Barnes & Noble Education (BNED) reiterated that it rebuffed a California investment firm's proposals to acquire the Basking Ridge, N.J., education-solutions provider.
A Thursday statement from Barnes & Noble Education said the board rejected three takeover bids from Bay Capital Finance of Menlo Park.
The latest cash bid was $4.50 a share, which BN Education received June 27; $5.25 to $5.75 a share, received June 7 and $6.75 to $7.25 a share, received Feb. 7.
The board unanimously concluded that the proposals "substantially undervalued [the company], were highly conditional and not credible," according to the statement.
The statement added that Bay Capital "has failed to demonstrate its ability to complete such a transaction, including providing no evidence of financing."
In a July 15 news release, Bay Capital had said it was extremely disappointed that Barnes & Noble Education rejected its efforts to engage in takeover talks.
The investment firm said then that it had nominated five qualified candidates who were independent of Bay Capital to serve on the BNED board.
Bay Capital said the company had rejected the nominations. BNED said the nominations were invalid under its bylaws.
Shares of Barnes & Noble Education closed 1.4% lower on Thursday at $3.48. At April 27, the end of BNED's fiscal 2019, 47.6 million shares were outstanding, creating a market capitalization of about $166 million.
Barnes & Noble Education was spun out of bookseller Barnes & Noble Inc. (BKS) in 2015. The two companies are now unconnected.
The education company operates 1,448 physical and virtual retail bookstores in the U.S., serving more than 6 million students and faculty.
The company also provides digital solutions including study aids for students. And it operates a wholesale textbook distribution business.

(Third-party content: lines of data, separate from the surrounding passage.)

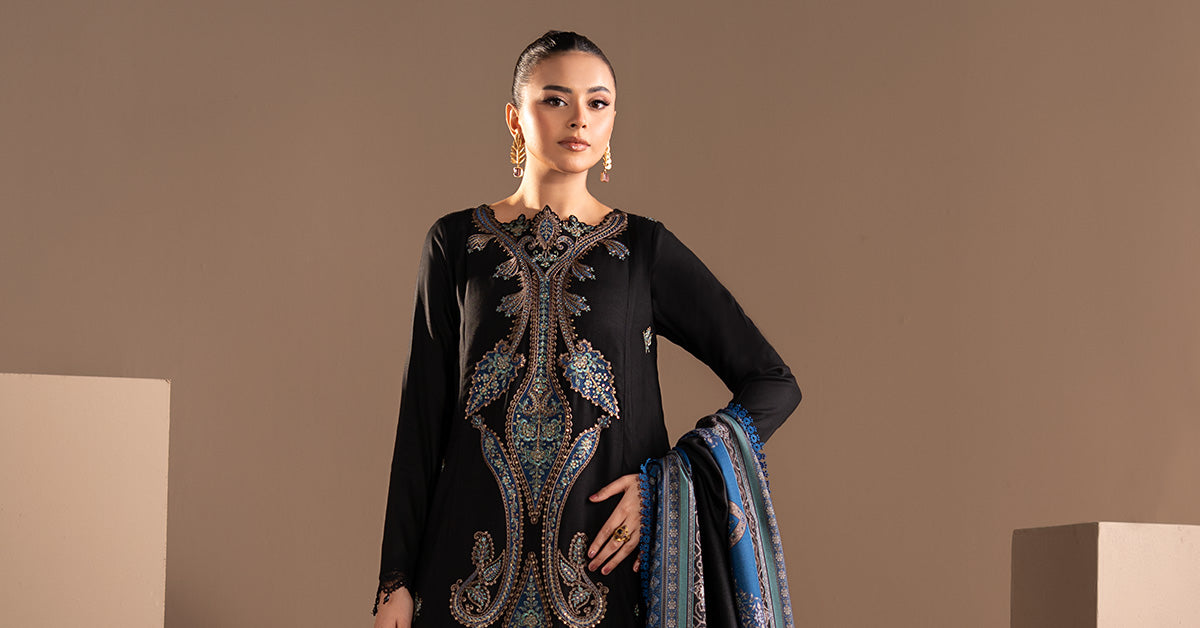 3 Piece Embroidered Twill Linen Suit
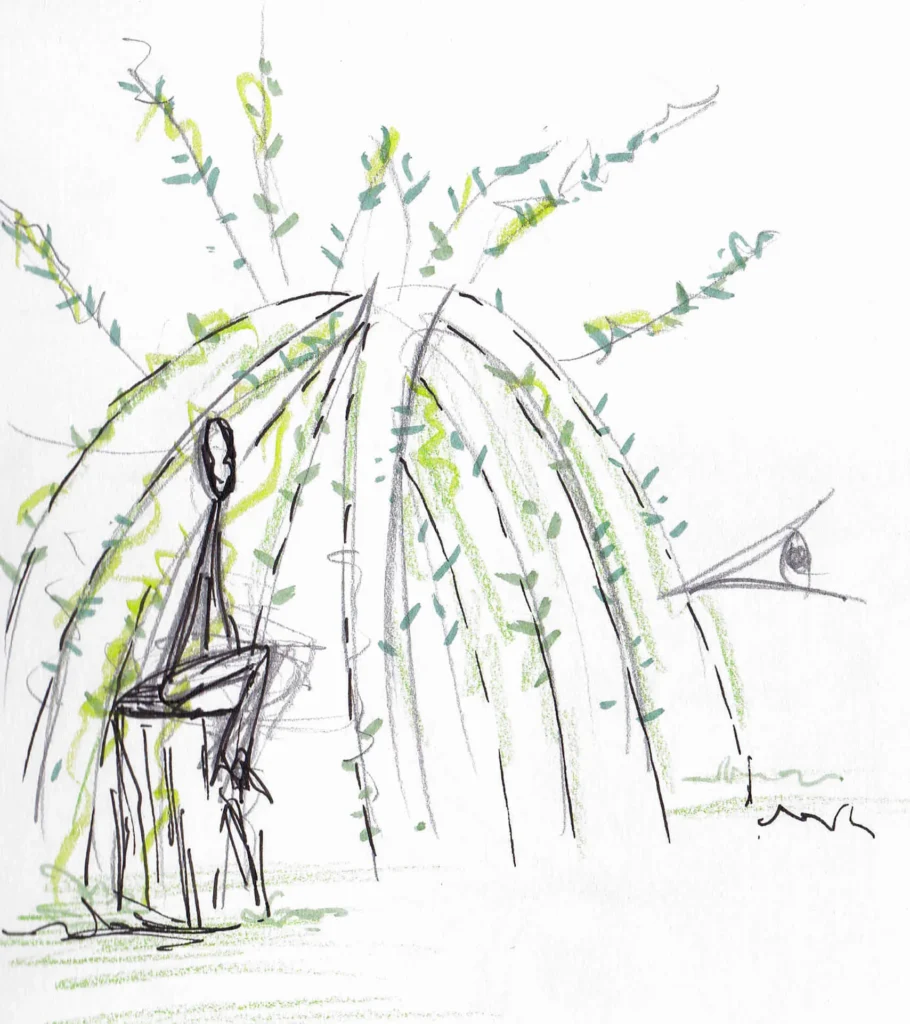 Croquis d'une cabane en saule tressé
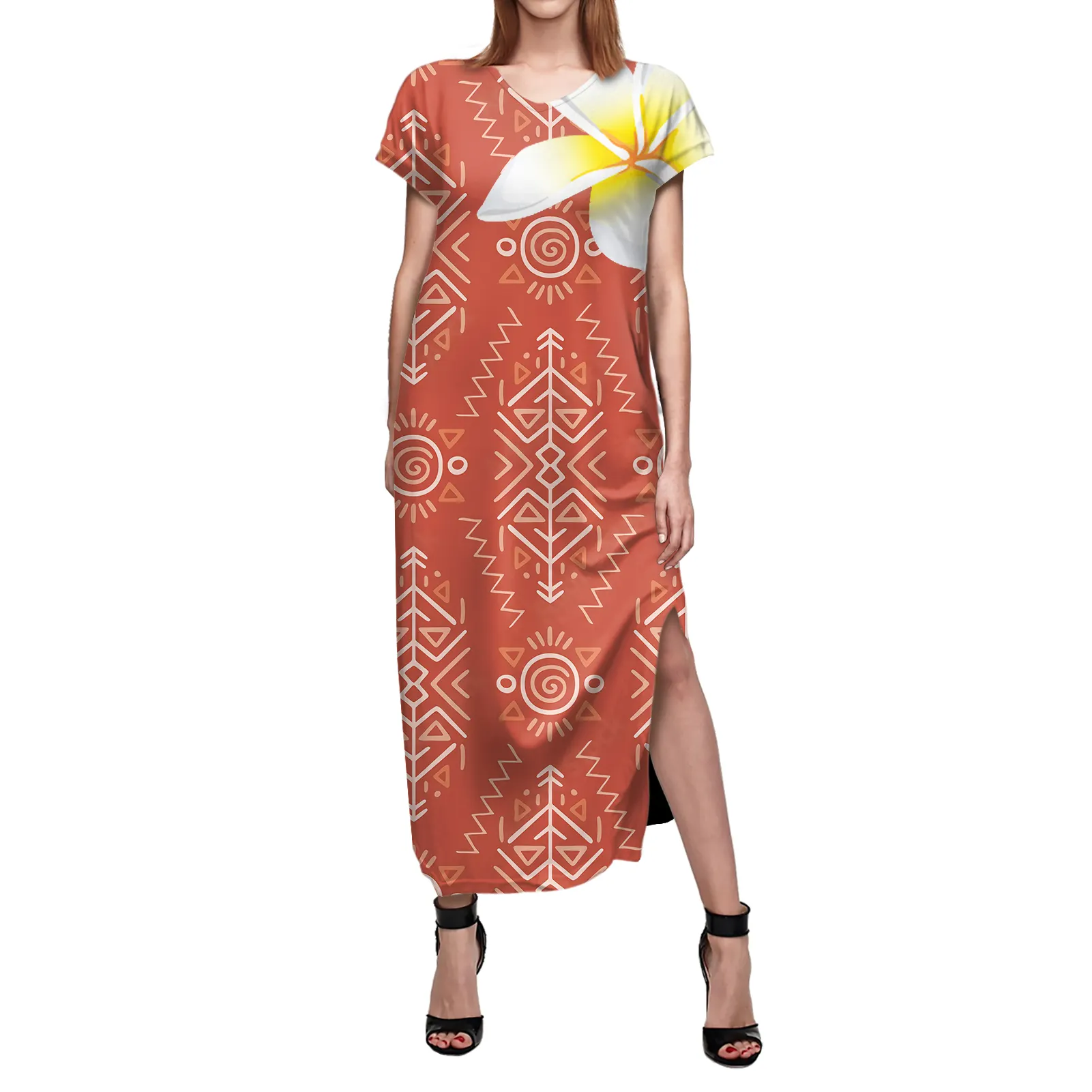 Vestido de manga corta de estilo étnico para mujer, vestido largo y sexi con estampado de isla polinesiana, color naranja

Please note that due to factors including low market capitalization and/or insufficient public float, we consider Barnes & Noble Education to be a small-cap stock. You should be aware that such stocks are subject to more risk than stocks of larger companies, including greater volatility, lower liquidity and less publicly available information, and that postings such as this one can have an effect on their stock prices.